Por qué importa: se dice que hay dos opciones sobre la mesa. Retirar las cámaras del todo, o mantenerlas impidiendo que el portador haga fotos o vídeos con ellas, de modo que la lente solo sirva como ojos de un asistente que funciona en el propio dispositivo. Ambas son decisiones insólitas en una compañía que vende cámaras como argumento principal en todos sus demás productos.

Las medidas descritas junto a esto apuntan en la misma dirección: procesamiento en el dispositivo, sin reconocimiento facial, el compromiso de no entrenar modelos con datos de usuarios y luces indicadoras a prueba de manipulación. Eso no es una lista de funciones. Es la descripción de lo que una cámara tiene que soportar antes de poder venderse al público en este formato.

En Europa, quien lleva el aparato se convierte en el problema

La razón por la que esto aterriza de otro modo en la Unión Europea y en el Reino Unido es que el derecho de protección de datos no se detiene en el fabricante. Cuando una persona graba a terceros identificables fuera de un contexto puramente personal, esa persona puede convertirse en responsable con obligaciones propias. Un consumidor no puede cumplirlas de forma realista, y un empleador que entrega el dispositivo no puede fingir que la grabación es personal.

En resumen: una cámara que solo alimenta a un asistente y nunca produce un archivo que el portador conserve es un objeto jurídico mucho menor que una cámara que captura a demanda. La primera se parece más a un sensor. La segunda crea una grabación, una cuestión de conservación, una de acceso del interesado y una de cesión, cada vez que se usa.

Por eso también unas gafas europeas deliberadamente sin cámara no eran un producto de compromiso. Era una empresa leyendo la misma superficie regulatoria que Apple lee ahora y escogiendo la versión que no necesita dar esa discusión.

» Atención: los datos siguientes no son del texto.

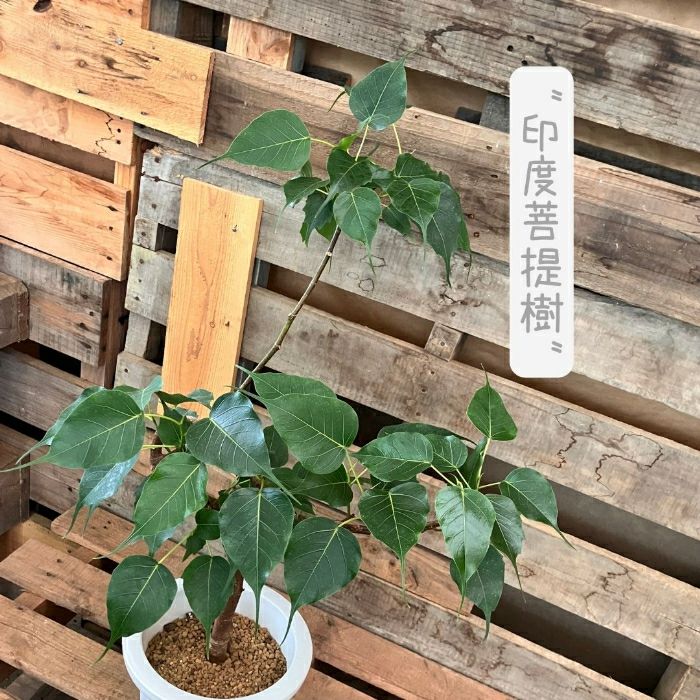 観葉植物現品販売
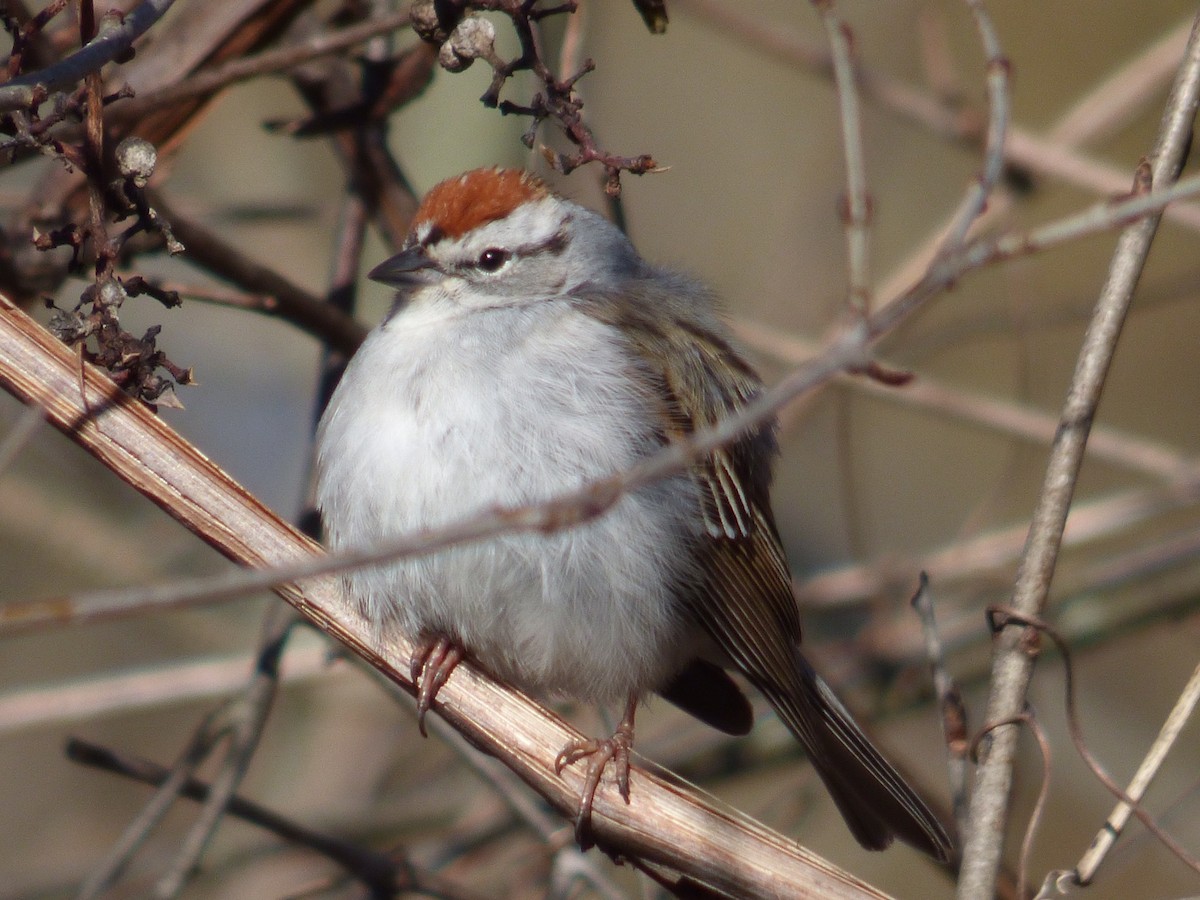 Chipping Sparrow - ML227244741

Qué cerrar antes de que un vestible llegue a su plantilla

Decida por escrito la cuestión del responsable. Si un empleado que lleva un dispositivo de empresa graba a un cliente, a un proveedor o a un compañero, su organización es casi con certeza responsable de esa grabación. Recoja esa conclusión en la política de dispositivos antes de que llegue la primera unidad, no después de la primera queja.

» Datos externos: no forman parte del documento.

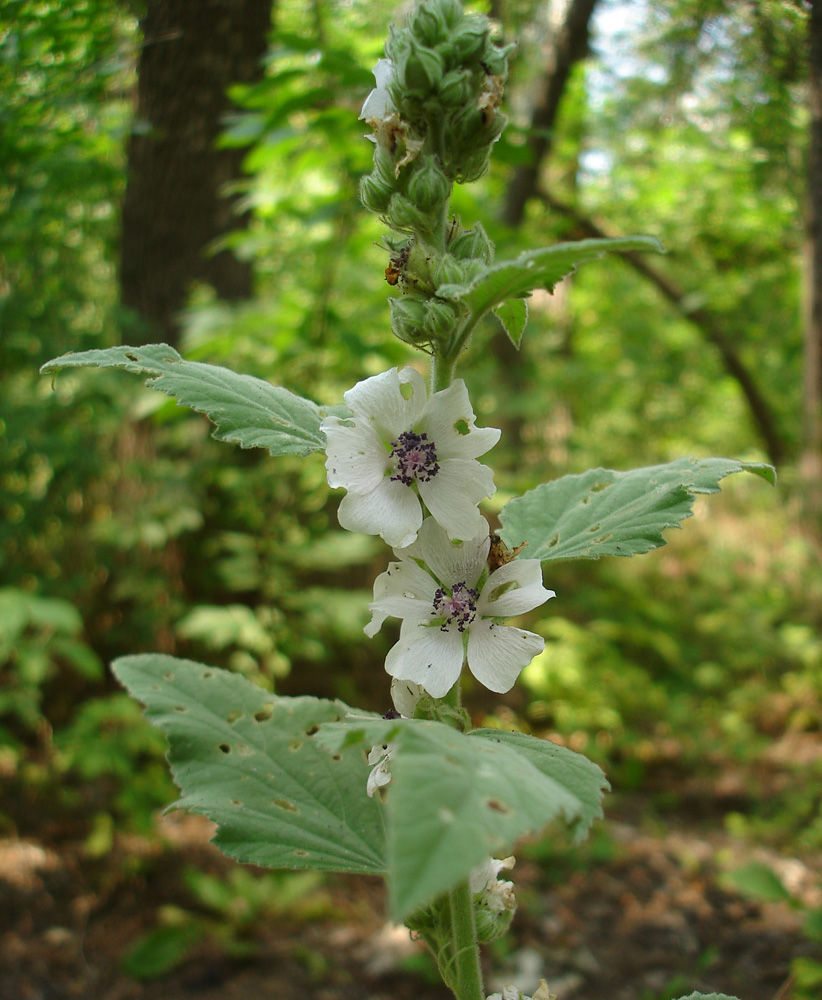 Изображение особи Althaea officinalis.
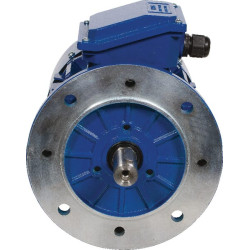 Elektrinis variklis 3 kW EM100LB4B5500IE3A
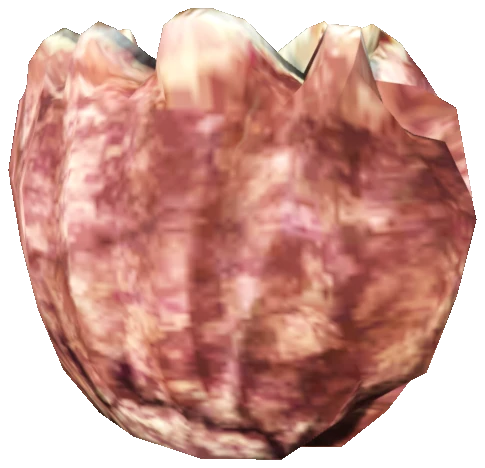 prop_cora_clam_01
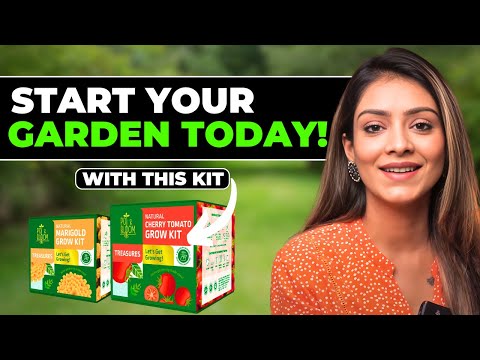 Treasures Basil Kit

Prefiera el modelo que no puede capturar. Cuando una variante sin cámara o con la captura bloqueada hace el trabajo, una sola decisión de compra elimina la evaluación de impacto, el calendario de conservación y la cuestión de la señalización. Eso vale más que la función a la que renuncia, y es uno de los raros casos en que el camino de cumplimiento más barato y el dispositivo más barato son la misma opción.

Hable pronto con la representación de los trabajadores. En varias jurisdicciones europeas un vestible capaz de grabar a compañeros es materia de codecisión, y el acuerdo se obtiene más despacio de lo que se compra el equipo. Las empresas que pidieron primero y consultaron después acabaron con los aparatos en un armario hasta que llegó el acuerdo.